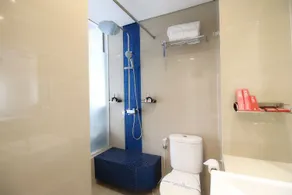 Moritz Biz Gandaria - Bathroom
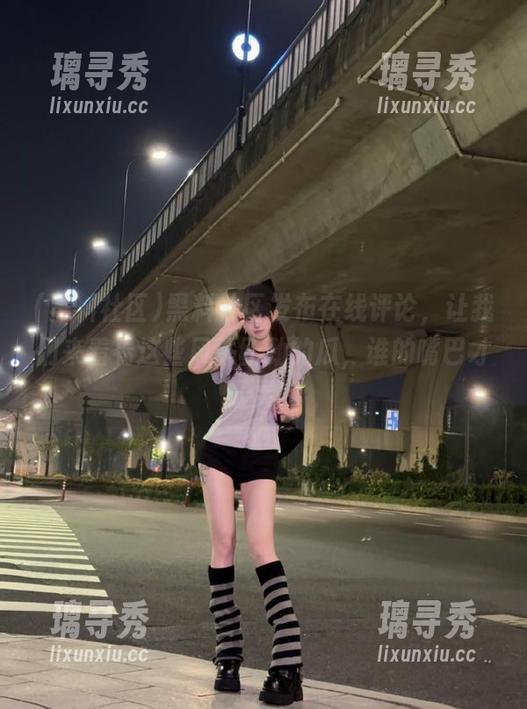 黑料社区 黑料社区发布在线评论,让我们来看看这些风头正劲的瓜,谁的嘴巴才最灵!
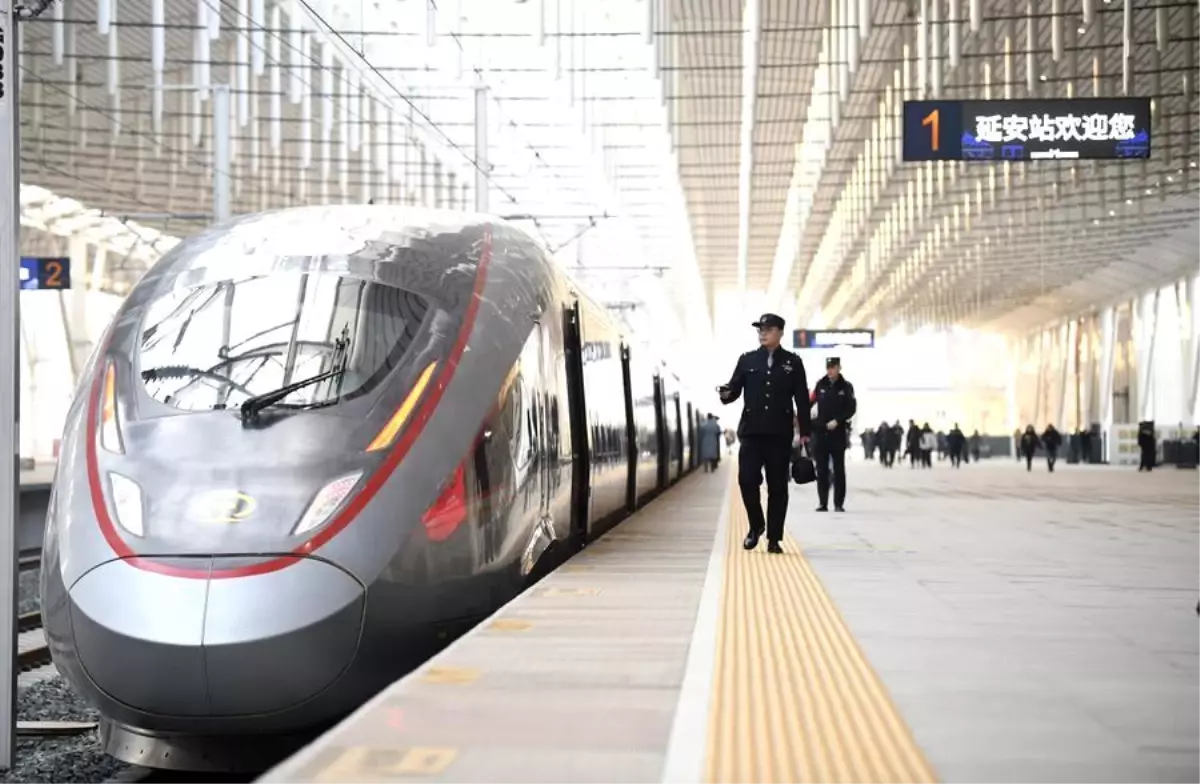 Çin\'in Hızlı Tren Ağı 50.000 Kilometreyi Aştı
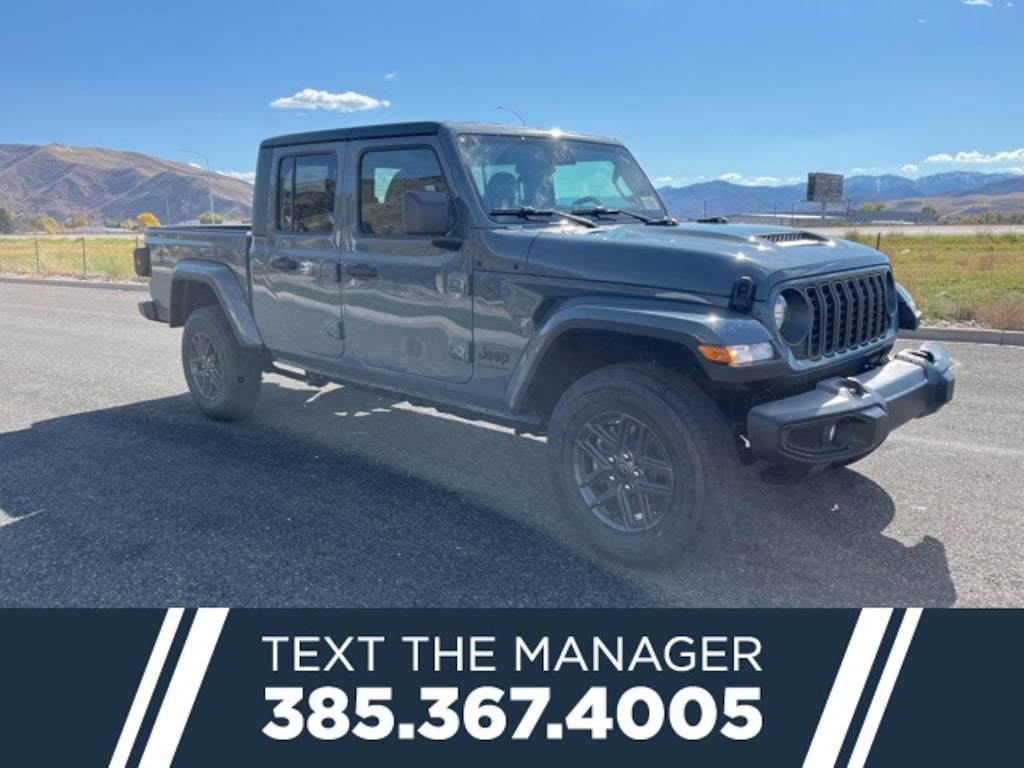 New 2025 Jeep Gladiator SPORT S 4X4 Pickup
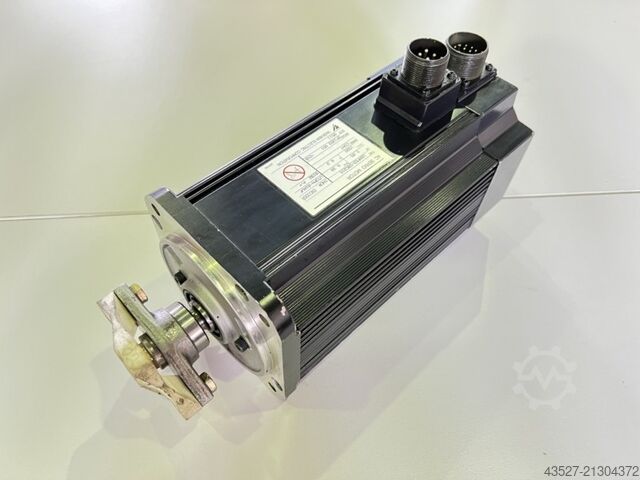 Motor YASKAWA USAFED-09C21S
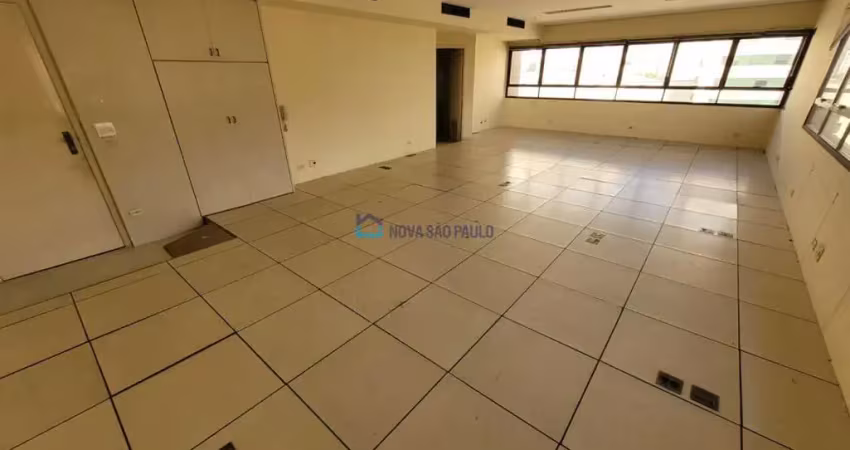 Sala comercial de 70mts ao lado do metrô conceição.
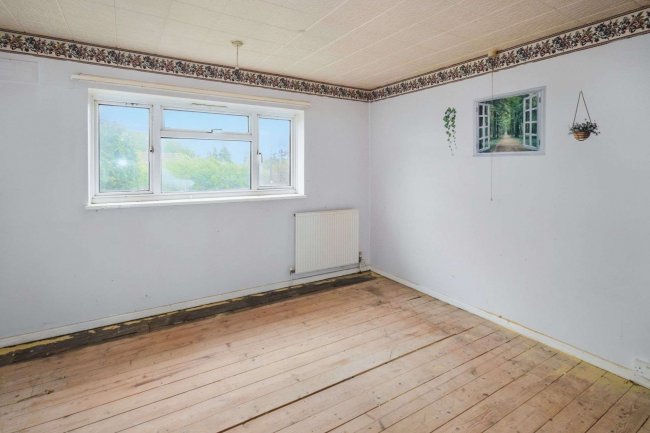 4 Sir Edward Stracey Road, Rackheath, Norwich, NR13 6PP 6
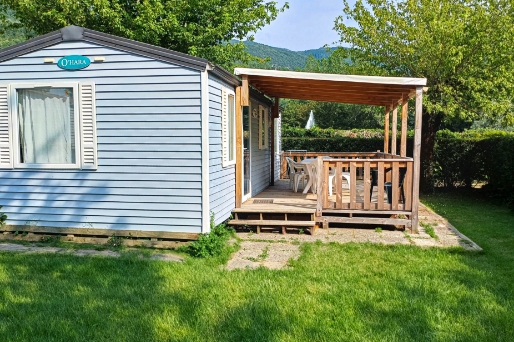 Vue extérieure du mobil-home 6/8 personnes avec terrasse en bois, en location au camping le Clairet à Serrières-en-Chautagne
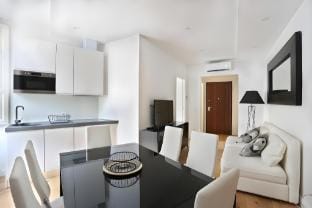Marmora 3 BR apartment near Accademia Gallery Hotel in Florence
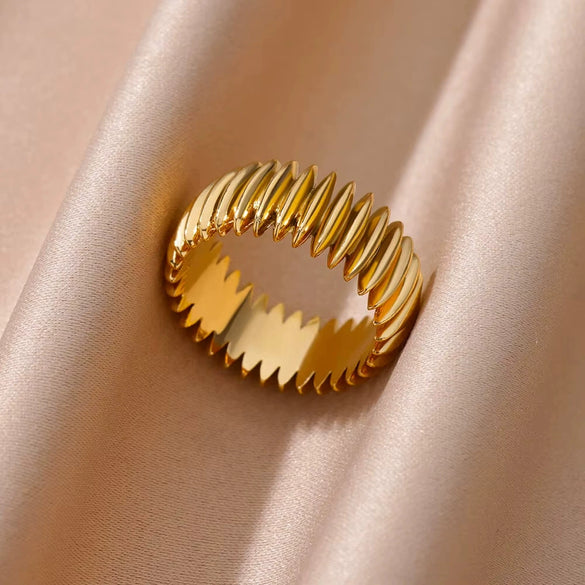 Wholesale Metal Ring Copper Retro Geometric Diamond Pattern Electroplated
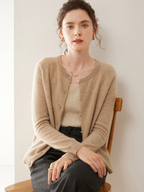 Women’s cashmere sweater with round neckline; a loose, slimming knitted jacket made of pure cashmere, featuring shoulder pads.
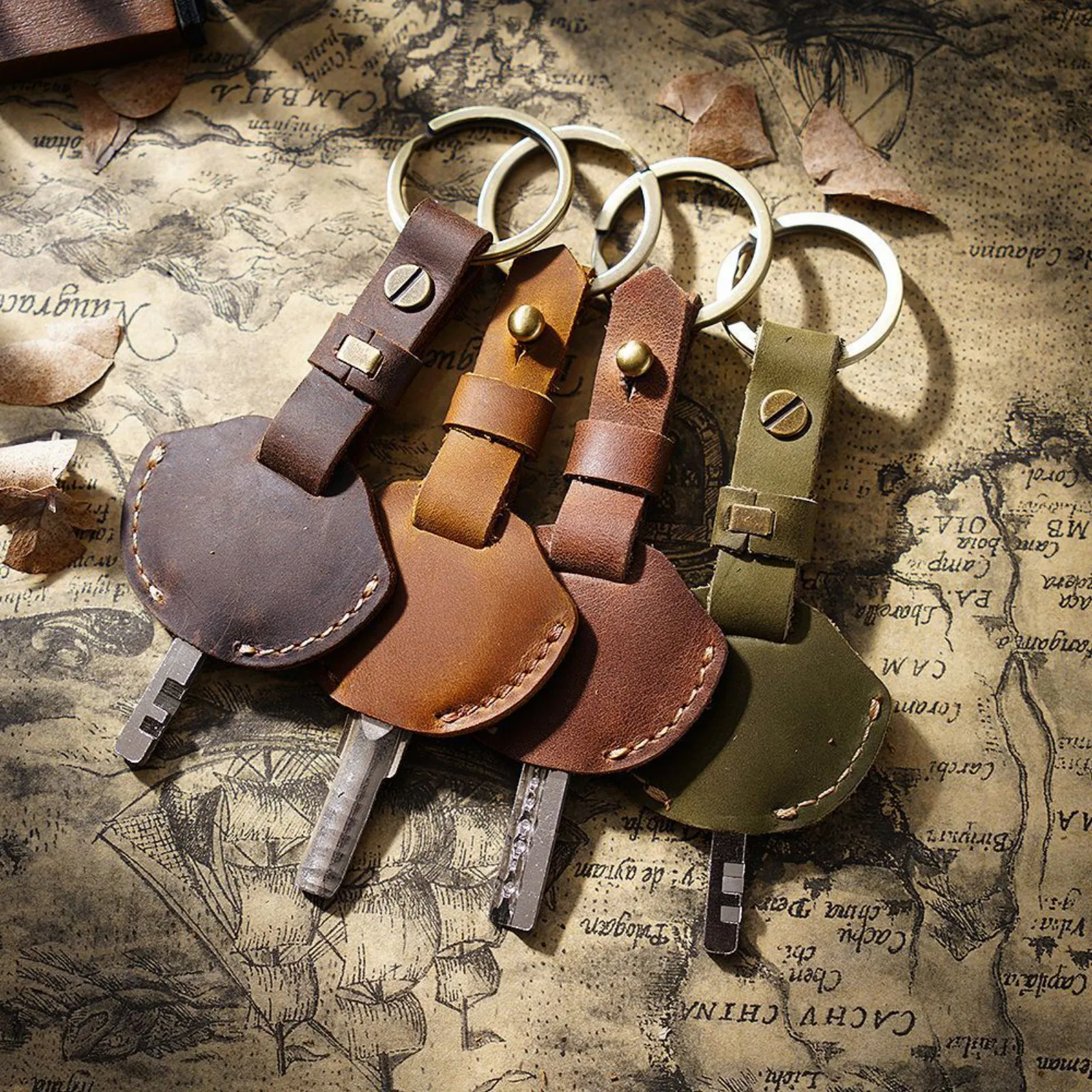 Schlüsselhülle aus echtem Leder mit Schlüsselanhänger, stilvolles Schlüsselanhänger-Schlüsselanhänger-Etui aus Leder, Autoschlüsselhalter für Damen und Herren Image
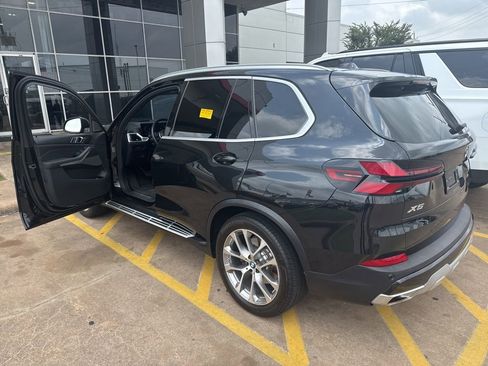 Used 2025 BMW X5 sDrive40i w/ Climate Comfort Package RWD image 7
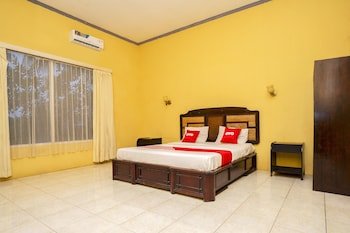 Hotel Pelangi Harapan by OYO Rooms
:::
Leave out the pictures and repeat exactly the lines from the first line of the data through the line containing "4 Sir Edward". Add nothing else.

Answer area:
 Moritz Biz Gandaria - Bathroom
 黑料社区 黑料社区发布在线评论,让我们来看看这些风头正劲的瓜,谁的嘴巴才最灵!
 Çin\'in Hızlı Tren Ağı 50.000 Kilometreyi Aştı
 New 2025 Jeep Gladiator SPORT S 4X4 Pickup
 Motor YASKAWA USAFED-09C21S
 Sala comercial de 70mts ao lado do metrô conceição.
 4 Sir Edward Stracey Road, Rackheath, Norwich, NR13 6PP 6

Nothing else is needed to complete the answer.